Within the listing below, give again exactly the lines between the one containing "Decoupage Queen-Hummingbird Four Pack" and the one containing "A stylish black", inclusive, pictures left aside.

**Provided entries:**
++++++

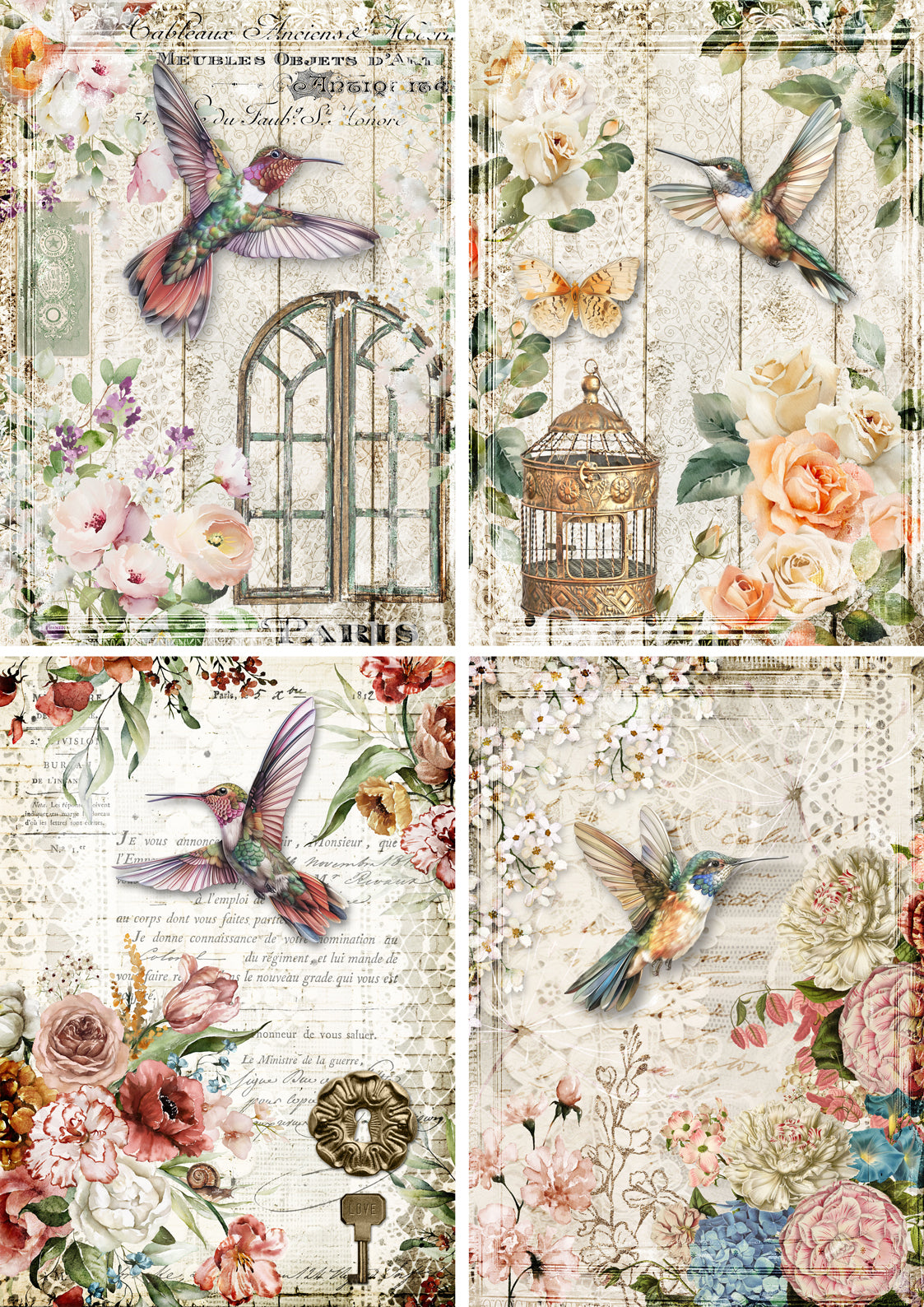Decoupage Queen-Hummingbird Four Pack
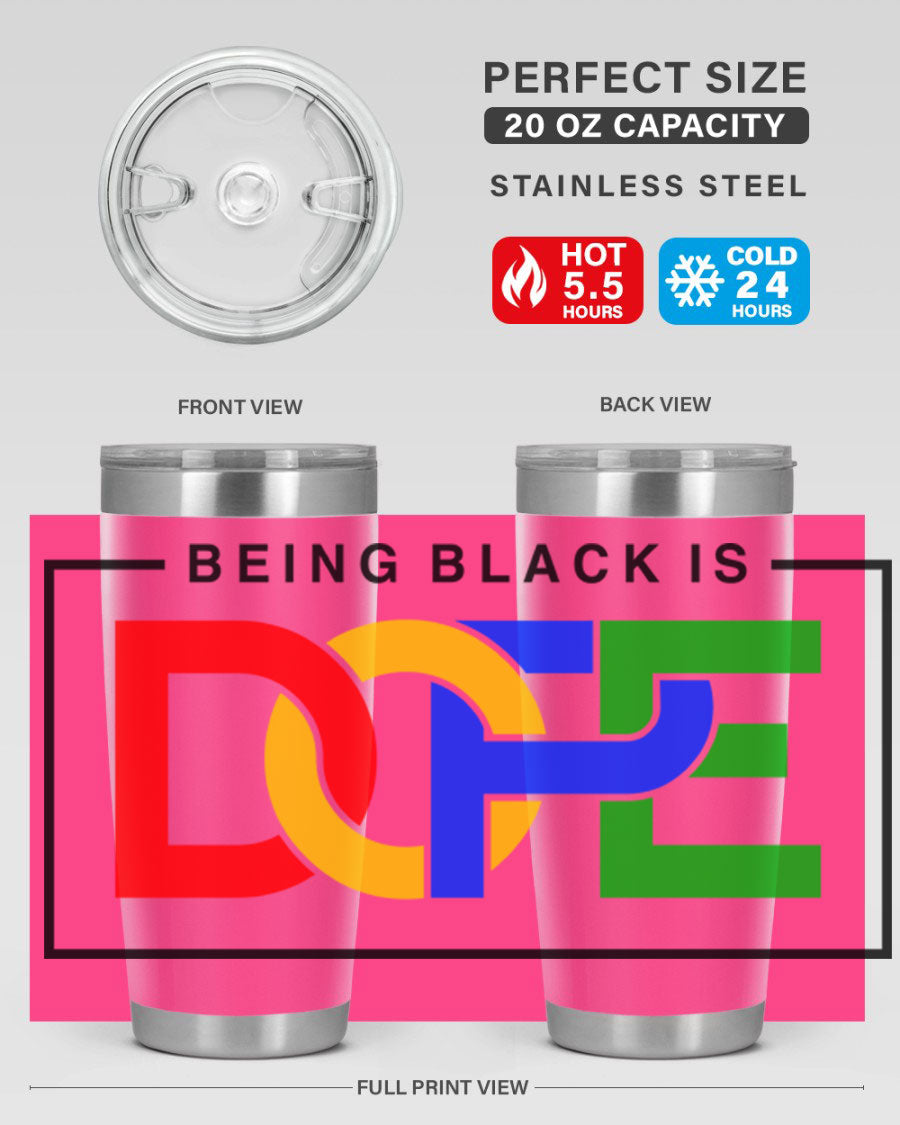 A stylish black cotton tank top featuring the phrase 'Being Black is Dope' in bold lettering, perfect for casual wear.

++++++

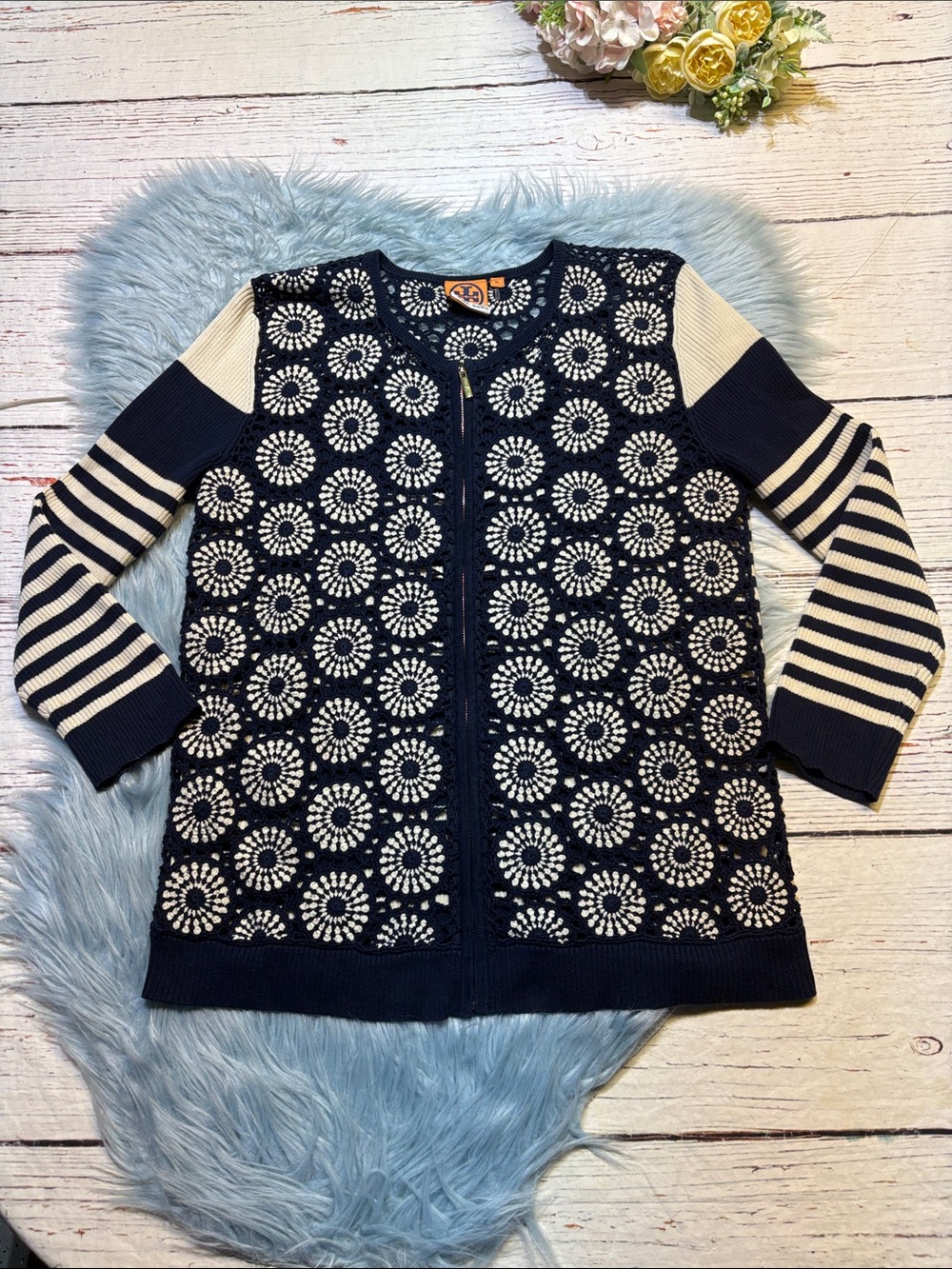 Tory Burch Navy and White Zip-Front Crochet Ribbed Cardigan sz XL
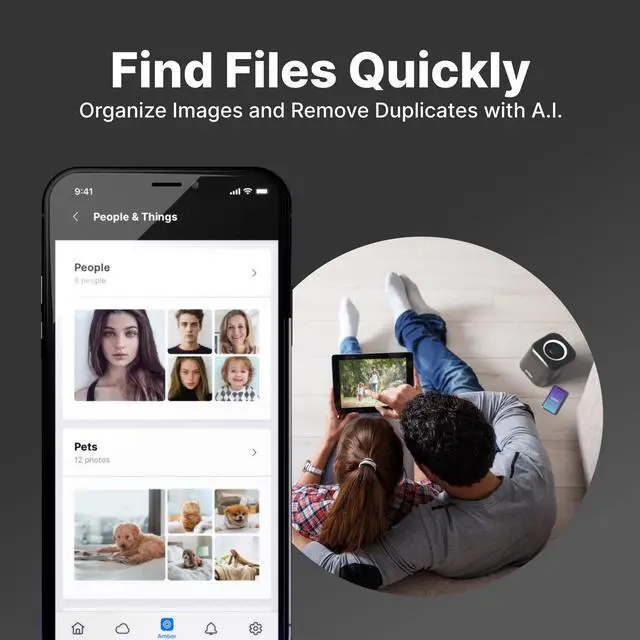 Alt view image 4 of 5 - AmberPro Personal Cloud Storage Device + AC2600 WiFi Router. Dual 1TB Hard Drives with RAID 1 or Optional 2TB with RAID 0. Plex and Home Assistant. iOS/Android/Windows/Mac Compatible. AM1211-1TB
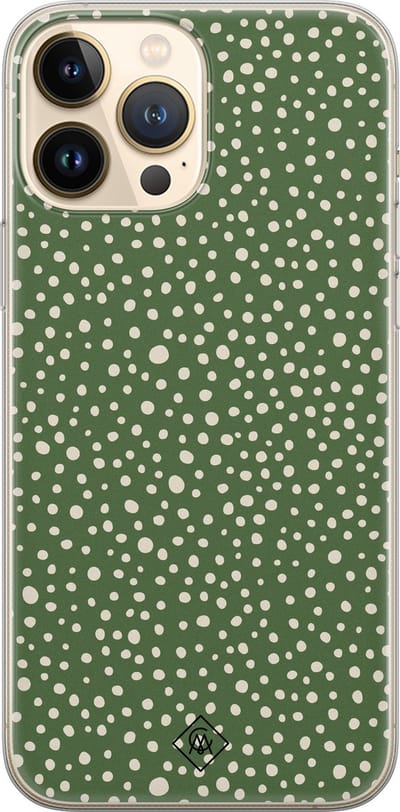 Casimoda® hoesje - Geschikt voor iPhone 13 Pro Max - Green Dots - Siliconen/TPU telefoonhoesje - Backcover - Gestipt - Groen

++++++

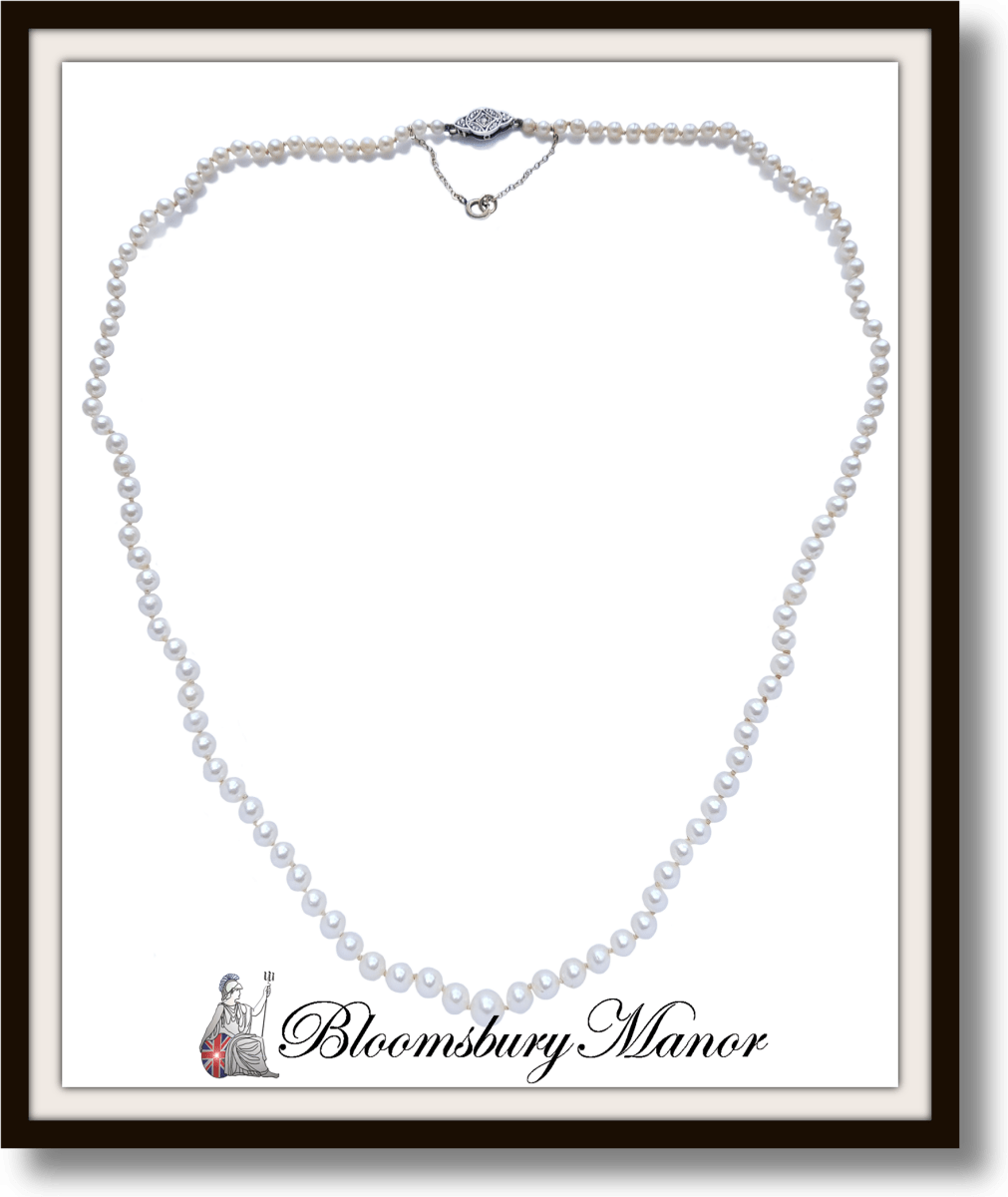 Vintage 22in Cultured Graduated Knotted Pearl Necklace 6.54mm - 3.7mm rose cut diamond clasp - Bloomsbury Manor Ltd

++++++

**Expected answer:**
Decoupage Queen-Hummingbird Four Pack
 A stylish black cotton tank top featuring the phrase 'Being Black is Dope' in bold lettering, perfect for casual wear.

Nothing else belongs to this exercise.